One time a long time ago when I was supple and strong and rubbery
As a snake in a hurry I was on my belly in the bush and saw a shrew
In the litter of leaves and for the longest shortest moment we startled
Each other considerably but maybe the scale of our encounter was so
Ludicrously unbalanced that our normal fear of weird missed the bus,
Leaving us eye to eye under the epic ambition of a huckleberry tangle.
I remember thinking that the shrew was awfully near my two absolute
Favorite eyeballs and that shrews are said to be terrors among the tiny.
I remember that it was the size of a thumb or a thimble or a little cigar.
I remember that it had a lustrous dense shining coat as black as can be.
I remember wondering even then what it could possibly be wondering.
I remember that he or she seemed to be missing a northeast appendage.

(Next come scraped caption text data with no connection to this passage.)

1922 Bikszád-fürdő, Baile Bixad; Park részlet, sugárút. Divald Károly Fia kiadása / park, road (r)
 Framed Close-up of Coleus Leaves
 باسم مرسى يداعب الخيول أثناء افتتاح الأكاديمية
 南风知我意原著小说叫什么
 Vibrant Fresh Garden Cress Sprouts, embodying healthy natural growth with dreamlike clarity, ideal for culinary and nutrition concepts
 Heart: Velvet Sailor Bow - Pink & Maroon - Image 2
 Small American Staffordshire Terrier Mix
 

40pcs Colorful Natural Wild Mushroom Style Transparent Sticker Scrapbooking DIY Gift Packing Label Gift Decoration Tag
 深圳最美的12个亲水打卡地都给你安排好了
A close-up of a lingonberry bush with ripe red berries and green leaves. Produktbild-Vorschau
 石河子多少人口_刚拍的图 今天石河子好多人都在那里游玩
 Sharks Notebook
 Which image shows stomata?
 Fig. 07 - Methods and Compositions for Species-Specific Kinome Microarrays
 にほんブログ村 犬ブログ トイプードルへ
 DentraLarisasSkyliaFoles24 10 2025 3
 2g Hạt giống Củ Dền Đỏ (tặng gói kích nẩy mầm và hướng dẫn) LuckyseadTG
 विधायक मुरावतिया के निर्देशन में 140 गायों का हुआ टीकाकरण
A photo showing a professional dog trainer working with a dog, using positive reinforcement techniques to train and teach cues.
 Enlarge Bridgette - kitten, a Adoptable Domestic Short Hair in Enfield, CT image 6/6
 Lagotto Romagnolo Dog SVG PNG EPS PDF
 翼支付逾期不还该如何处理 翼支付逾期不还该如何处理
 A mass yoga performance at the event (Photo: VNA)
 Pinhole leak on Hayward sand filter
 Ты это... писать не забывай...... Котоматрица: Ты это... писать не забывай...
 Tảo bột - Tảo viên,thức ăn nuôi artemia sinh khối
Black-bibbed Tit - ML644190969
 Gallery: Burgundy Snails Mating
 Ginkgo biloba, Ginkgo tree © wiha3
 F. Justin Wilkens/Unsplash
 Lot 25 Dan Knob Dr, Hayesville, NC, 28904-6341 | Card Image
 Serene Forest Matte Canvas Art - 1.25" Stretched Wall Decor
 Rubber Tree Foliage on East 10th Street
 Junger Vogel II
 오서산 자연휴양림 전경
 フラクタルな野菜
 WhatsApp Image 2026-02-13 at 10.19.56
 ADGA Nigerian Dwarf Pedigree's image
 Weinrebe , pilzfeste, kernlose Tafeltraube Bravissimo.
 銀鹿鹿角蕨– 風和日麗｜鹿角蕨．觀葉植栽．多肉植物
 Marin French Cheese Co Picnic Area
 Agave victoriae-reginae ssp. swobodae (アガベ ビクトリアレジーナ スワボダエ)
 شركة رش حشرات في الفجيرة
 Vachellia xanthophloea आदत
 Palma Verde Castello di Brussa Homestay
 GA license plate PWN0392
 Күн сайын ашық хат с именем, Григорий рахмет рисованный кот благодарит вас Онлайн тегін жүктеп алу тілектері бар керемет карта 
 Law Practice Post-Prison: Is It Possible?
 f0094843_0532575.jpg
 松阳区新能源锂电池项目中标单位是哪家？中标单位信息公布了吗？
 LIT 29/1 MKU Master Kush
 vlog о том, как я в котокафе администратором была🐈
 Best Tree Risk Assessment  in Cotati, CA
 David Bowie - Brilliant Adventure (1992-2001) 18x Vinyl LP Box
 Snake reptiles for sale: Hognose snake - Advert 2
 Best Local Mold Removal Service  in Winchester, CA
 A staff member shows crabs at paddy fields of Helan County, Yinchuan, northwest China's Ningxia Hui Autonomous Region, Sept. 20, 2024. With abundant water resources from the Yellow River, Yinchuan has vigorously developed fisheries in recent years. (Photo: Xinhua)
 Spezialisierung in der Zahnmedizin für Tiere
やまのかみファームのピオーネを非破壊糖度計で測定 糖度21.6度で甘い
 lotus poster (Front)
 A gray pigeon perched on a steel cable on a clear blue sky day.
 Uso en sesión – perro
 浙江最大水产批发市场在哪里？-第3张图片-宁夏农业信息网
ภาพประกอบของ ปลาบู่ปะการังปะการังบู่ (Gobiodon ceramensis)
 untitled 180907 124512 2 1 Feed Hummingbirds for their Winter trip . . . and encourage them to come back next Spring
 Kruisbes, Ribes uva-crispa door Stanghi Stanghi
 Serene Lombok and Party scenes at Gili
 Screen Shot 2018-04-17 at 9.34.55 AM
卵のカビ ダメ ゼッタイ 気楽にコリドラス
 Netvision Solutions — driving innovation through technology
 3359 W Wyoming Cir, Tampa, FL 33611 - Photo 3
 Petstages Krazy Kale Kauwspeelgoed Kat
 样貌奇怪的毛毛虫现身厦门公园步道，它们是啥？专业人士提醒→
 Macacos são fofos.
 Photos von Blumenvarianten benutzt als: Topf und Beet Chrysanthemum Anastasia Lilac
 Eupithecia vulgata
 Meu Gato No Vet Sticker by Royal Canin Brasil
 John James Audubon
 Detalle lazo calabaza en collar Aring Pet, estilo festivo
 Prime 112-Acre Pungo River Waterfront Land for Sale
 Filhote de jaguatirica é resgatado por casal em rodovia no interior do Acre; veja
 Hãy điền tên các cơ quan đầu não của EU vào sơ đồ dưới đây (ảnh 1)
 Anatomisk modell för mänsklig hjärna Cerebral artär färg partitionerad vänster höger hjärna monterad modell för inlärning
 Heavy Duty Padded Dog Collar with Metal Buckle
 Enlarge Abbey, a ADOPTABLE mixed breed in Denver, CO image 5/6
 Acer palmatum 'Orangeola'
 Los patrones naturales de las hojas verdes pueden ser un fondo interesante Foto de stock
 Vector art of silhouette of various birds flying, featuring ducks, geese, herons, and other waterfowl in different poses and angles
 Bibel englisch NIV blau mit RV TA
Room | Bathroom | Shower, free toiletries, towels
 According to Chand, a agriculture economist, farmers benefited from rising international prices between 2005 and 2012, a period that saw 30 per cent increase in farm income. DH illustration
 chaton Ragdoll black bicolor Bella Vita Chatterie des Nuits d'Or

Many questions and angles of inquiry presented themselves to me later,
Such as what combination of factors could deduct a limb from a shrew,
And what manner of beast could have executed said deletion—perhaps
A romantic tangle, a political wrangle, a religious debate turned savage
As so often has been the case? Or the usual suspects snuffling for meat.
Or maybe shrews, who do not live long in the way the world calculates,
Dissolve a leg at a time, growing ever closer to the sensuous roil of soil,
As do we all. But meanwhile there’s such a hungry immediacy, correct?
All these years later that’s what I remember from that shrewish moment,
That I stopped thinking and just stared. Yes, partly because I was scared,
But there was something beyond curiosity or the startle of astonishment.
For just an instant I paid attention with every shard and iota of my being.
Maybe we couldn’t survive if we were like that all the time, I don’t know,
But when it happens we see that which none of us can find the words for.
Sometimes we are starving to see every bit of what is right in front of us.